Quantum Harmonic Oscillator - What is the Temperature of the system?

1. Dec 2, 2009

obi-wan

1. The problem statement, all variables and given/known data

A quantum mechanical harmonic oscillator with resonance frequency ω is placed in an environment at temperature T. Its mean excitation energy (above the ground state energy) is 0.3ħω.
Determine the temperature of this system in units of its Einstein-temperature ΘE = ħω/kB

2. Relevant equations

Partition-Function= E= -δ/δβ ln[Z(β)]

3. The attempt at a solution

I have used the Partiton-Function, E= -δ/δβ ln[Z(β)] = -δ/δβ ln[(x^1/2)/1-x]
.where x= exp^(ħω/2)

E= -[δ/δβ ln(exp^-ħωβ / 1-exp^-ħωβ] = Eo - exp^-ħωβ / -1 + exp^-ħωβ
. where Eo= ħω/2

E= Eo + εħω
.where ε = 0.3ħω

I need find β in order to work out the temperatureof the system but stuck at this point. Really appreciate if some one can guide me in the right direction.

2. Dec 2, 2009

MaxL

β = 1/(Kb*T)

where Kb is bolzmann's constant.

3. Dec 2, 2009

obi-wan

MaxL yes I know β= 1/kBT and have substituted β intentionally but what im asking is how can i get a numerical value for β to work out the temperature? or do i need to? I'm just confused

thanks

4. Dec 2, 2009

jdwood983

When I did this, I got

$$E=\frac{\partial}{\partial \beta}\ln[z]=\frac{1}{2}\hbar\omega\coth[\beta\hbar\omega]$$

which looks pretty similar to what you have (you didn't take your exponentials to the hyperbolic functions).

Since you know that $E=\frac{1}{2}\hbar\omega+0.3\hbar\omega$, you can stick that into the equation and solve for $\beta$:

$$\frac{1}{2}\hbar\omega+0.3\hbar\omega=\frac{1}{2}\hbar\omega\coth[\beta\hbar\omega]$$

5. Dec 2, 2009

MaxL

Sorry! I didn't mean to be condescending, I just read the question too fast.

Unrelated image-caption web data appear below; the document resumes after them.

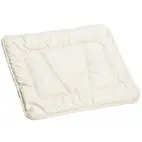 Eerste Kussen 50x60 Biologisch Tencel Wasbaar 150 gr bij GreenJump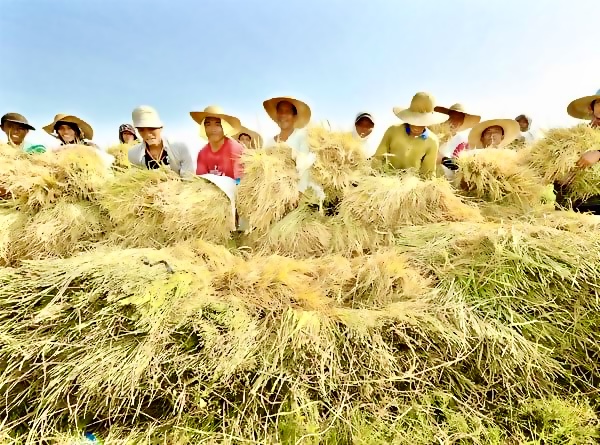 RICE FARMERS HAPPY WITH HIGHER BUYING PRICE OF PALAY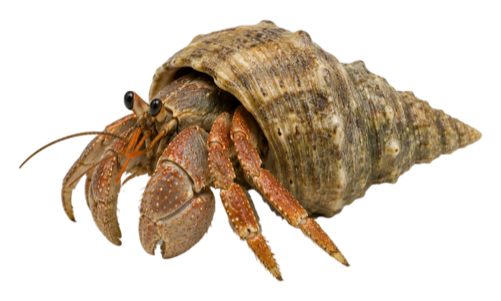 Hermit Crab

Okay, so what you're ultimately after is an answer that looks like T=Teinstein*(Some number). It's pretty easy to show that Teinstein=ħωβ*T, so what you really need is to numerically determine ħωβ. You could get that using a calculator or mathematica to numerically solve an equation like the one jdwood just dropped.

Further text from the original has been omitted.